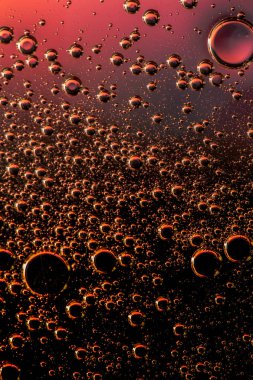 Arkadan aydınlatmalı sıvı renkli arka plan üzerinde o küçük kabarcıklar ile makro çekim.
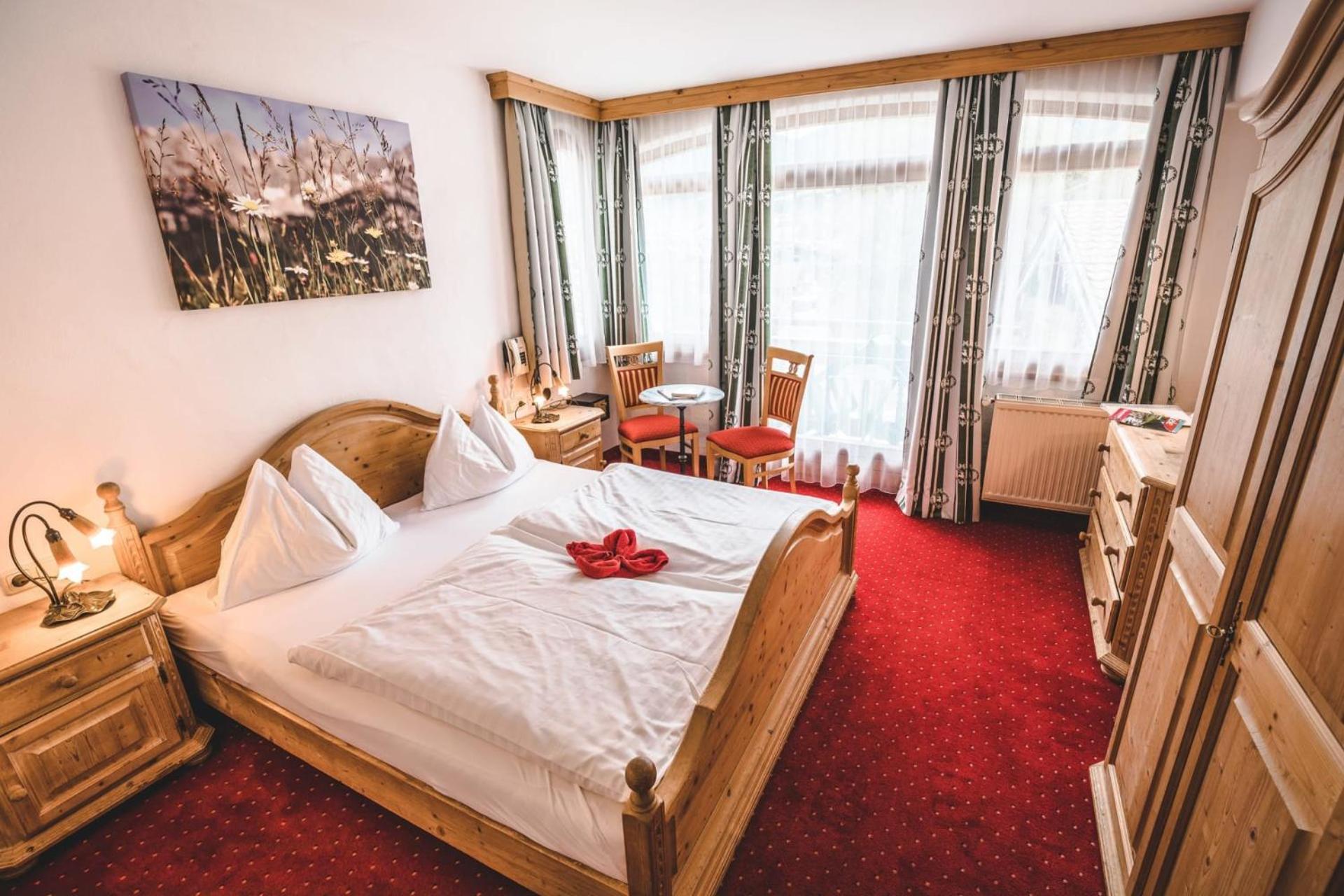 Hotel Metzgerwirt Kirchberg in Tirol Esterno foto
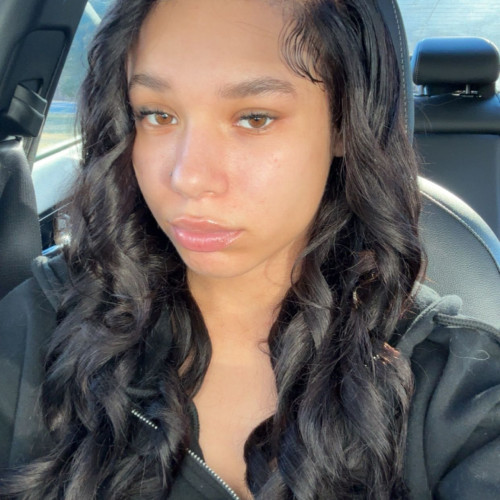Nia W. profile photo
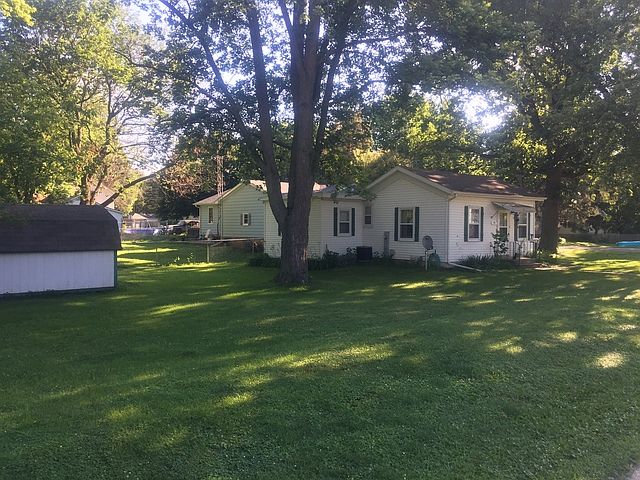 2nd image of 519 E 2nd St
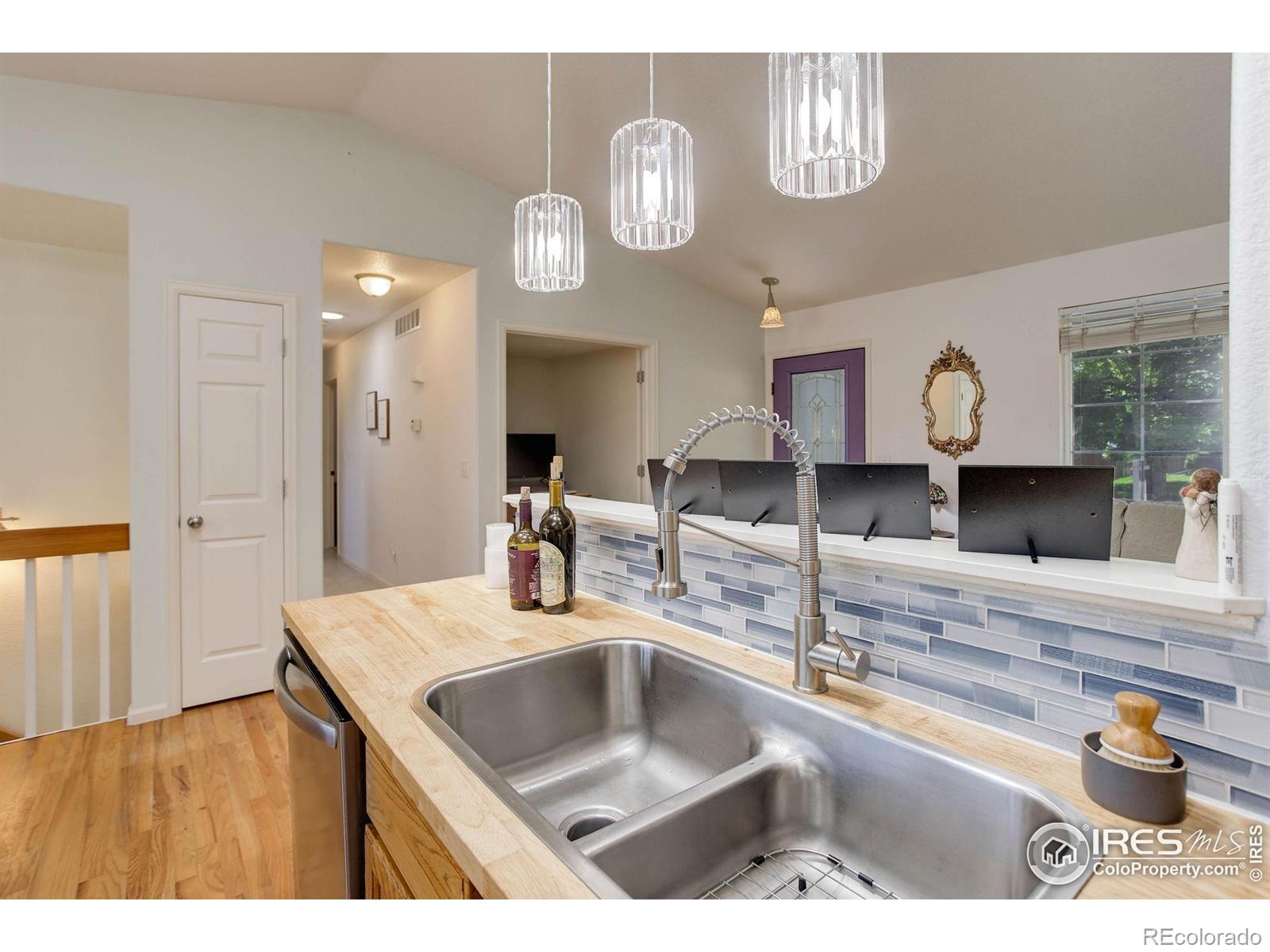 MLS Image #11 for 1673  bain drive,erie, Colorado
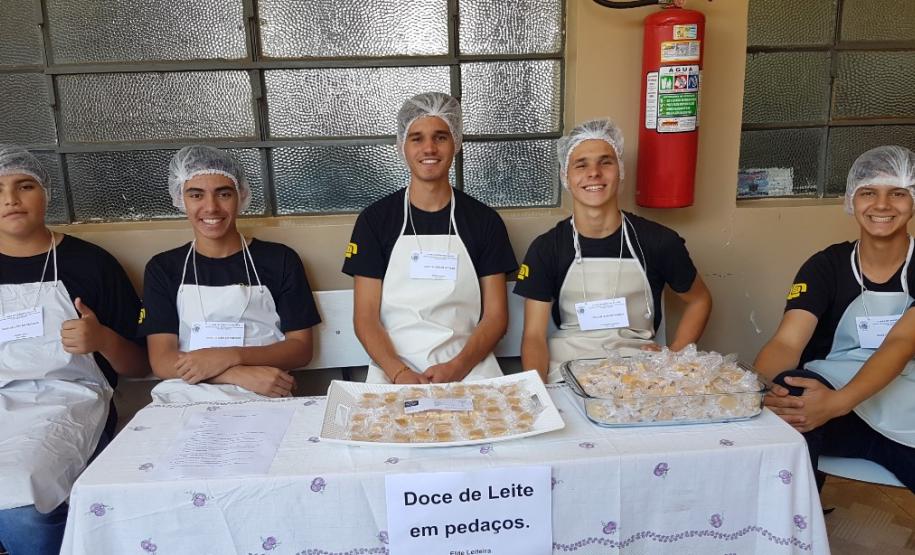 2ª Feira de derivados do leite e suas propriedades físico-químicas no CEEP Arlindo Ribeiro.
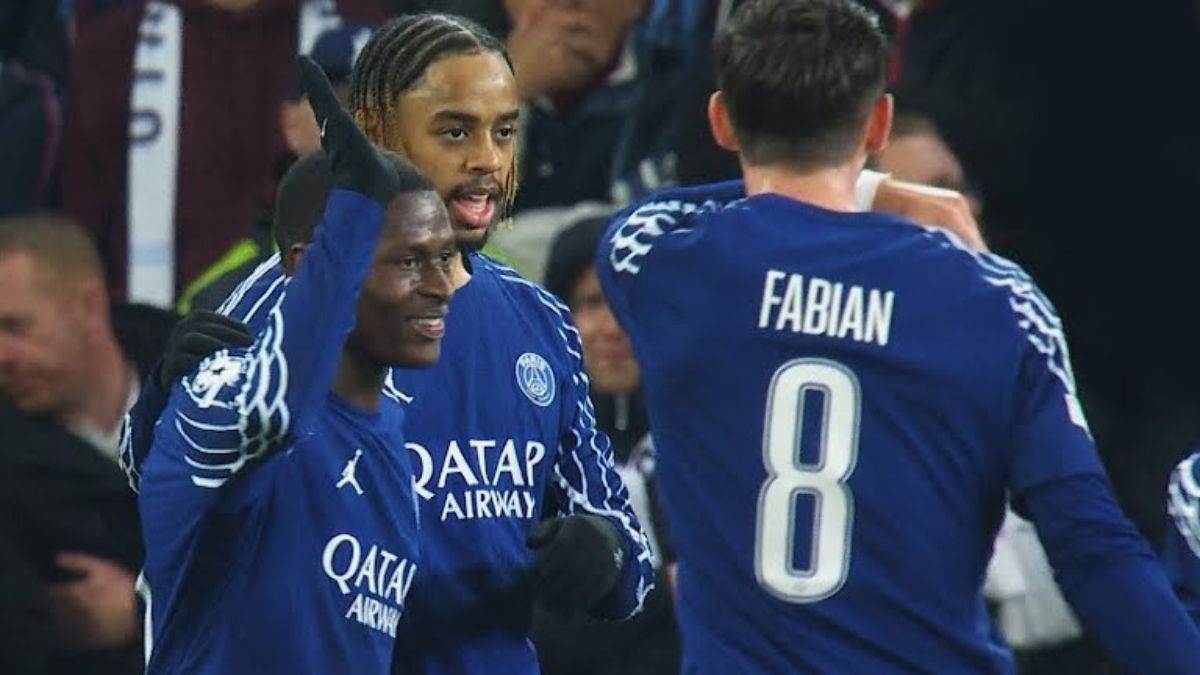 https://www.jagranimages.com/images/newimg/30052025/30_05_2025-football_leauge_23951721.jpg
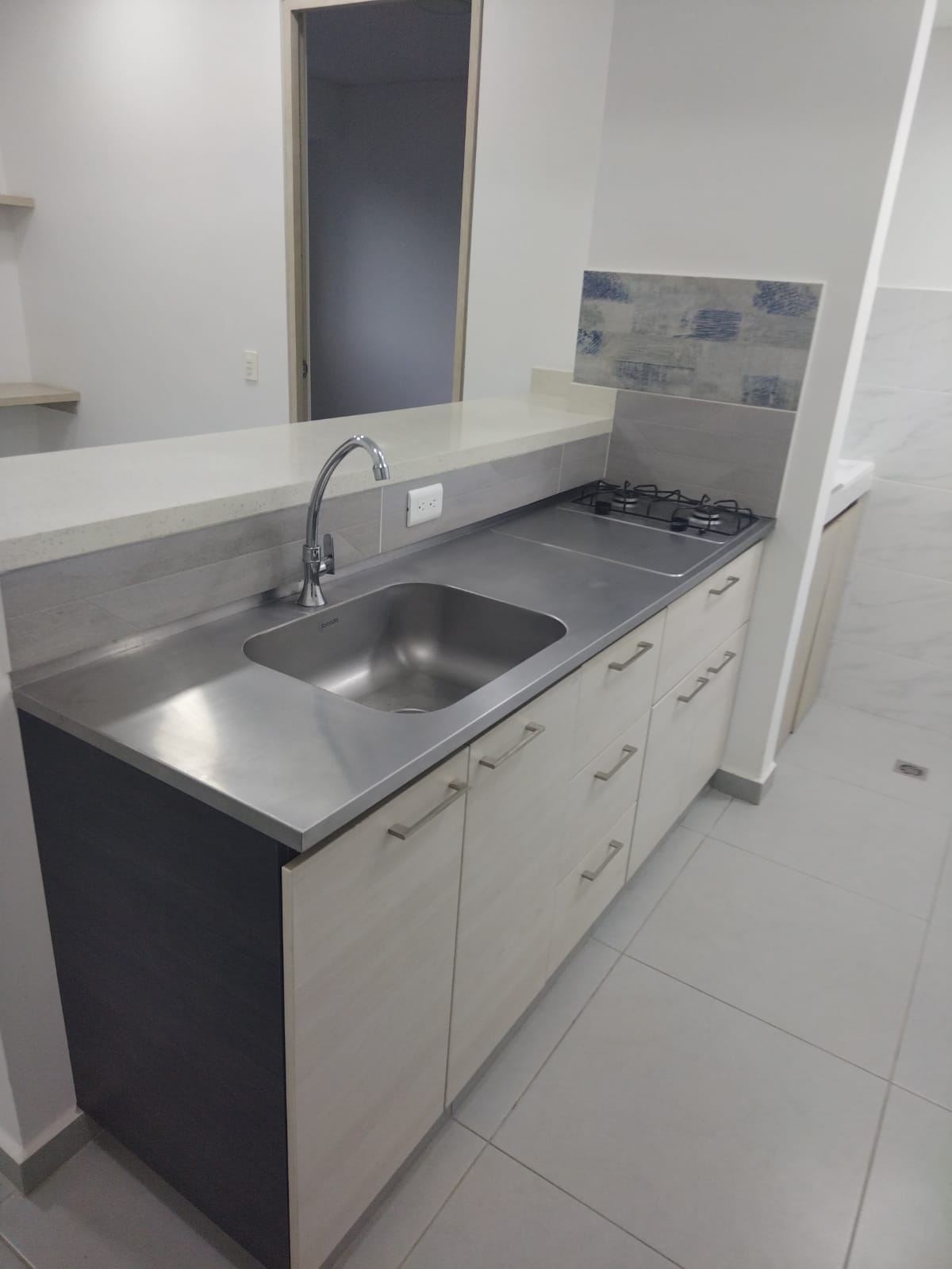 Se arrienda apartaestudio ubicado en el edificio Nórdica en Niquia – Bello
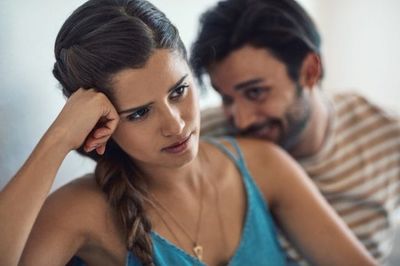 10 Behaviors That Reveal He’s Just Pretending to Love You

WHAT TO WORK ON: Extract all the data above exactly, excluding every picture.

YOUR RESPONSE:
 Arkadan aydınlatmalı sıvı renkli arka plan üzerinde o küçük kabarcıklar ile makro çekim.
 Hotel Metzgerwirt Kirchberg in Tirol Esterno foto
Nia W. profile photo
 2nd image of 519 E 2nd St
 MLS Image #11 for 1673  bain drive,erie, Colorado
 2ª Feira de derivados do leite e suas propriedades físico-químicas no CEEP Arlindo Ribeiro.
 https://www.jagranimages.com/images/newimg/30052025/30_05_2025-football_leauge_23951721.jpg
 Se arrienda apartaestudio ubicado en el edificio Nórdica en Niquia – Bello
 10 Behaviors That Reveal He’s Just Pretending to Love You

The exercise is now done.